Inquiries about this issue, along with others regarding Kavanaugh’s stance on hot-button subjects like executive power and Roe v. Wade, were the focus of a lengthy list of written follow-up questions he received from members of the Senate Judiciary Committee.
The panel published his responses to the more than 1,000 written questions on Wednesday evening; the committee is slated to consider voting on his nomination on Thursday. These questions for the record are an opportunity for lawmakers to pointedly ask about subjects they’d like more information about in the wake of Kavanaugh’s contentious confirmation hearing last week.
In his responses, Kavanaugh remained steadfast in an unwillingness to answer questions about issues like the ability to subpoena a sitting president, while disclosing some revealing responses about how committed he really is to maintaining a broad scope of executive power.
Kavanaugh also offered additional insight into his seemingly murky financial situation, including those Nationals tickets purchases, and further denied any knowledge of retired federal Judge Alex Kozinski’s alleged history of sexual misconduct.
Here are five things we learned from Kavanaugh’s written answers to the Senate Judiciary Committee.
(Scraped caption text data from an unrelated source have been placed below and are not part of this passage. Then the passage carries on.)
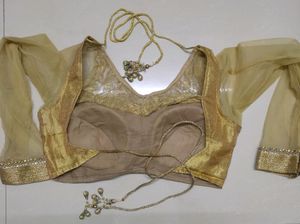 Beautiful Backless Golden Color Blouse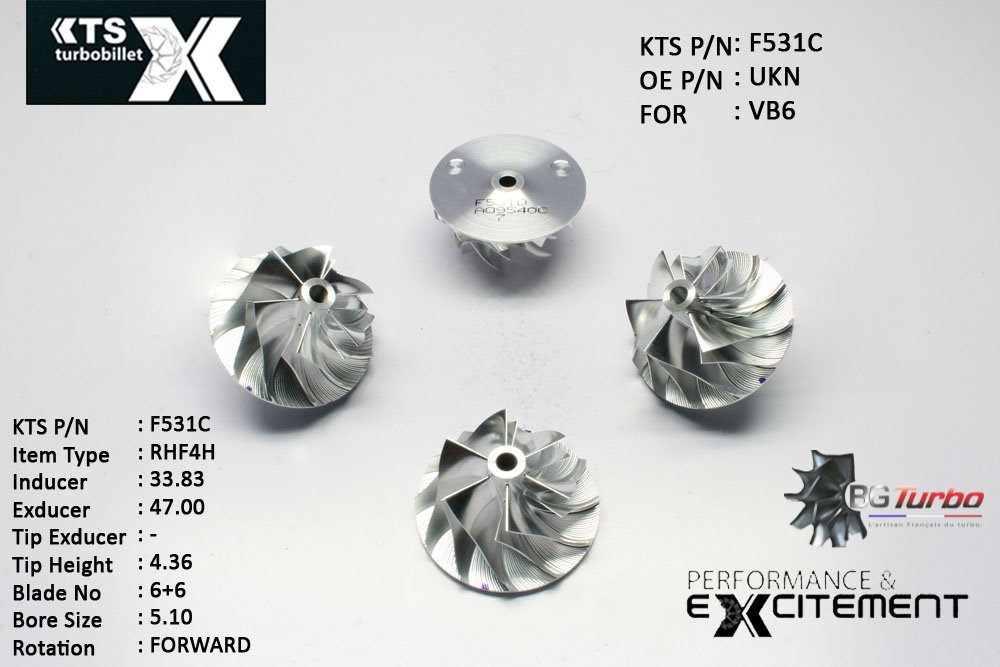 Turbo ROUE FORGÉE MFS PERFORMANCE - 6+6 PALES - INDUCER : 33,83 - EXDUCER : 47 - TYPE : RHF4HANGLE : 60° - ROTATION : Forward - SUPER BACK : 1,4 - BORE SIZE : 5,1
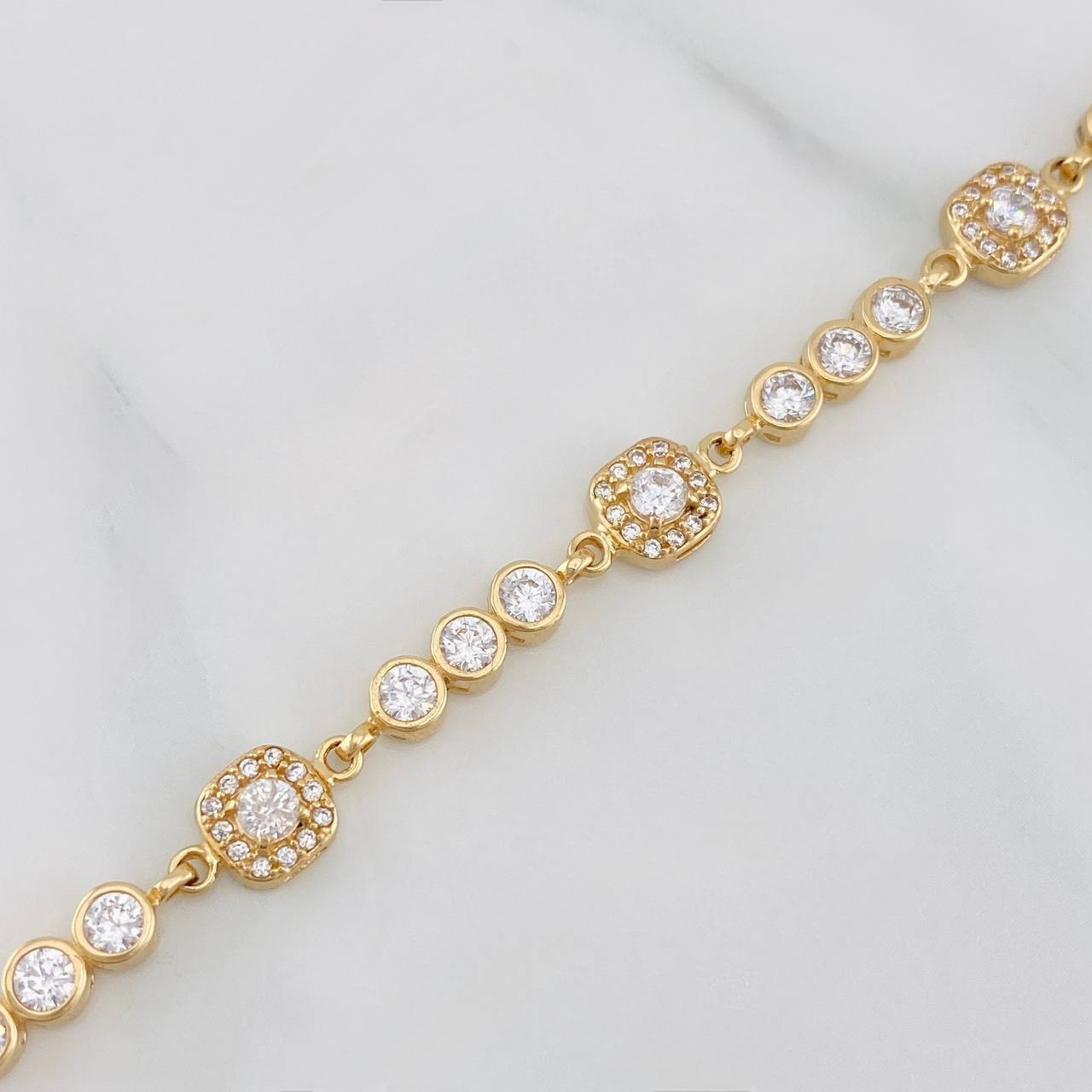 Pulso Tennis Halo 9.05g / 6 3/4 in / 6.3mm Oro Amarillo 18K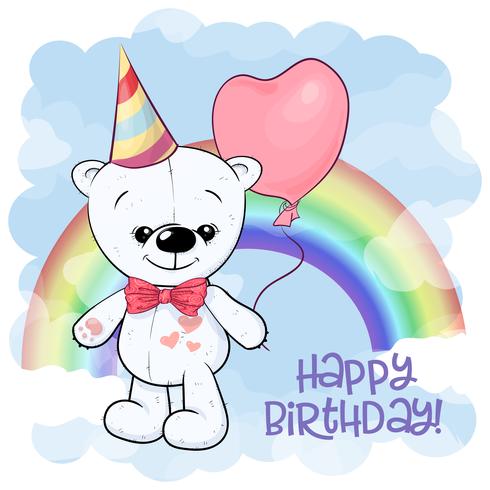 Prentbriefkaar leuke witte teddybeer op de achtergrond van de regenboog en de ballon. Cartoon stijl. Vector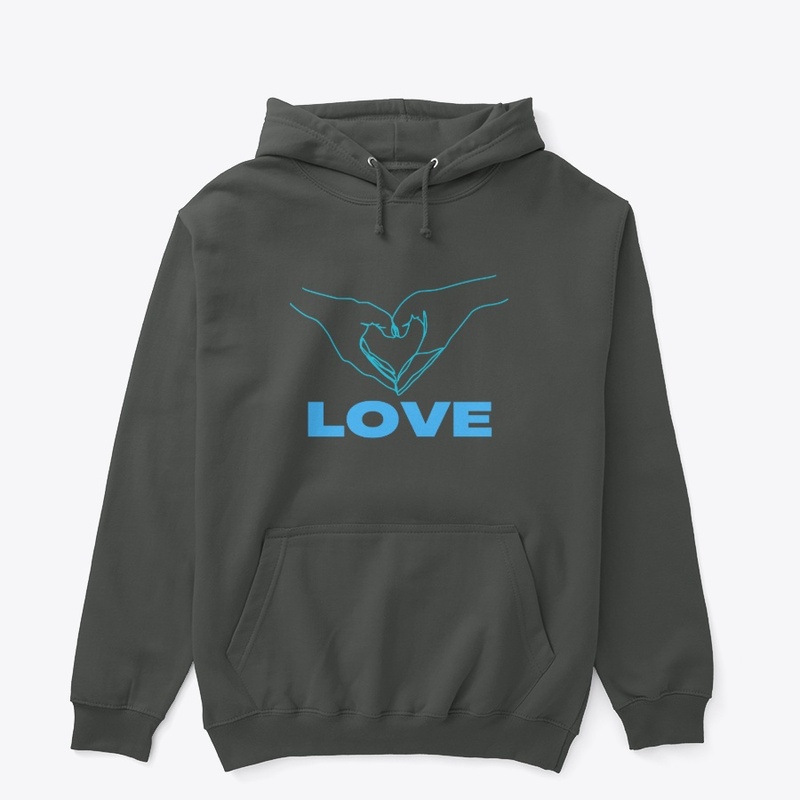 Blue Illustrative Love Hoodie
1) He says he doesn’t have gambling debts, and mentions those Nationals tickets ... again
Kavanaugh’s reported debt, which amounted to between $60,000 to $200,000 in a 2016 disclosure, raised questions from multiple lawmakers, including Sen. Sheldon Whitehouse (D-RI), who pressed him to explain whether some of it stemmed from a gambling problem. Whitehouse also called on Kavanaugh to detail how he covered this debt, which was “paid off or fell below the reporting requirements” in 2017, according to the Washington Post.
Kavanaugh emphasized that he has no gambling debts, though his response regarding how the debts themselves were covered remains somewhat cryptic. He also details extensive home improvements that were tied to some of this debt.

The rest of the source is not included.